Intel Instances for HPC Workloads
The tests below were conducted on AWS instances that are based on various generations of Intel® Xeon® processor in a hyper-threaded configuration. This custom processor can reach an all-core Turbo clock speed of up to 3.5GHz and features Intel® Turbo Boost Technology 2.0, Intel® Advanced Vector Extensions 512 (Intel® AVX-512), and Intel® Deep Learning Boost. These new offerings deliver a better value proposition for general-purpose and memory-intensive workloads compared to the prior generation (e.g., increased scalability and an upgraded CPU class), including better performance.
What Is GROMACS?
The GROMACS application is a compute-bound application (FLOPS). The workloads in this application are latency sensitive for any communication (socket-socket, CPU-GPU and multi-node). It does take benefits from AVX-512 (Y), compute bound (Y) (excluding ionchannel – it is MPI bound on 8-16 nodes), benefits from Turbo (Y), benefits from HT/SMT (Y).
The workloads that we have considered for our benchmarking are publicly available:
- lignocellulose (3M atoms, RF type); Lignocellulose is useful as an example of scalability demonstration.

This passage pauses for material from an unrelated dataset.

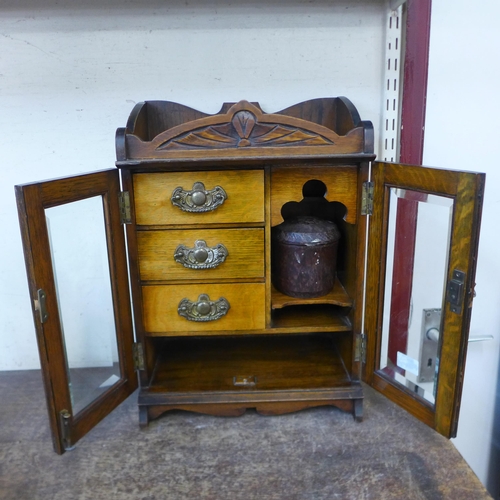 395 - A late Victorian oak wall hanging smokers cabinet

- water_rf (1,5M atoms, RF type)
How to Get Intel Benefits
3rd Gen Intel Xeon Scalable processors provide significant performance gains for the GROMACS workload that are accelerated by the Intel AVX-512 and Intel Deep Learning Boost technologies. This acceleration provides significant benefits at lower node count (greater than 2x). It becomes more limited as we scale into larger node count due to lower network bandwidth of C6i.32xlarge and M6i.32xlarge. Customers running this GROMACS workload can realize significant performance gains by deploying on 3rd Gen Intel Xeon Scalable instance types at AWS (M6i, C6i) vs. running on previous generation Intel Xeon Scalable processors at AWS.